Alternative
Mon Dec 04 2006

So I wrote the above, posted, said to myself what an idiot and went home. As I was driving home, I thought about why is it that I’m angry at myself for writing what I write? For talking about the things that do not exist, for making up things out of nothing, when all it ever is – just a bold boring day, same as any other boring day of our life…gradually I realise that this is exactly what I want to say, what I want to create – a make-believe world, full of things made up out of normal mundane things, an  Alternative Parallel World.

I refuse to write about my real day, I hesitate to write about the real me. You see, when I tell you about my real life, the place I live, the place I work, how my day spent…if I tell all these, where all the enigma gone?…there will be no more puzzles, no more anticipation of unknown, of where else this crazy lady might take us …and when all the wonders gone, there will be no more walking on the rainbows, no more smile throwing, no more getting lost within revolving doors and riding elevators in a company of vacuum cleaners, no more talking to the Me from the parallel universe and no more laughs that might grow from all these little insanities. This is what it’s gonna be and I know it and yet from time to time I’m doing it, knowingly…life is that thing – you never know what she’ll ask of you the next moment…it is not easy for me to share my reality in full awareness that once it's done, a dream will be dead…

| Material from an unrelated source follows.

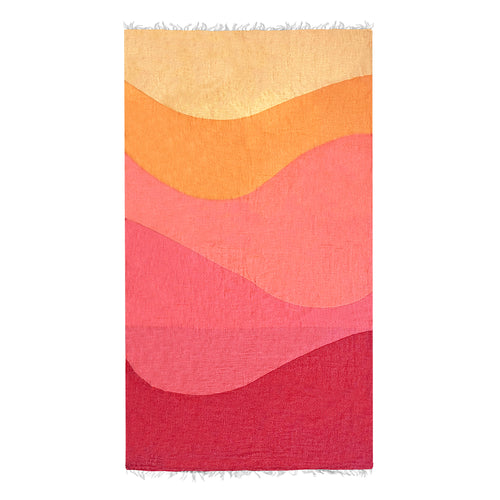 Colorful Turkish cotton beach towel with wavy pattern on a white background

I’ve been thinking about how I want this place to be The Alternative To The Life Ordinary. Place where I learn how to see things other then normal things. In a sense, if you’d read carefully, all that being written in this place IS my everyday’s life. Things that happened to me or I witnessed them happened to somebody else, rendered through my mind and twisted in there, sometimes in the most uncomfortable ways…but my life they are. Just another alternative view on her. I could write about my day in so many different ways and still say the same…like I’ve bought a bed…or I’ve got stuck when passed through the doors…or I’ve noticed how dark it is outdoors after 5 pm…
 
My days are so very boring, home-work-home days, but I reject this definition, I wish to notice something else in them, to pick it up and pull forward to the magnifying glass…and see something interestingly colorful about something gray. I strive to find an alternative thrill in my day. Not just see a switch on the wall, but notice the label on it that says “Destroy Universe”, not just look in the mirror, but make a funny face to myself and get me to smile. I’m not crazy, I just wish to find something in otherwise nothing that I see each and every day. For our life is so full of nothings it could kill all the will to live.

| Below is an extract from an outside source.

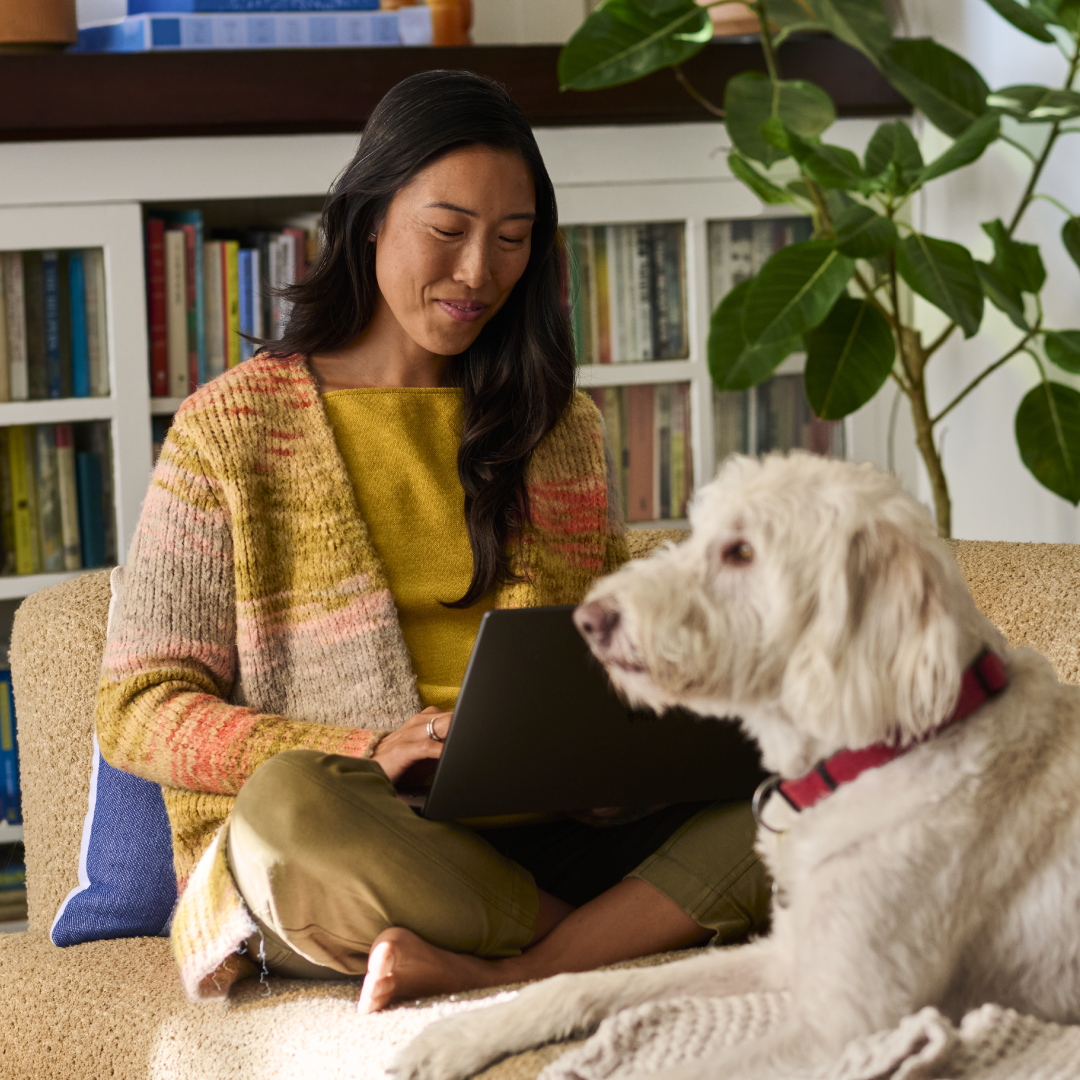 Woman At Home With Dog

Having thought all of that on my way home, I am strangely in peace with me…no longer frustrated, no more embarrassed to look like a fool. Hell, this is my own place and I will do what I truly wish in here. I will say silly things and imagine things and when I discover some interesting things, I’ll show them to you. If fools can see what others can not, then I’d rather be the one. There are so many normal things stuck in our reality, it is time to uncover something insane about them…
4 Comments
  • From:
    Pragmatist (Legacy)
    On:
    Mon Dec 04 2006
    Define "normal." Normal is what happens. It just is. Even if it seems la-la-la-la sometimes.

    Your take on things is interesting, sometimes a bit lopsided to "normal," but interesting, and thought provoking.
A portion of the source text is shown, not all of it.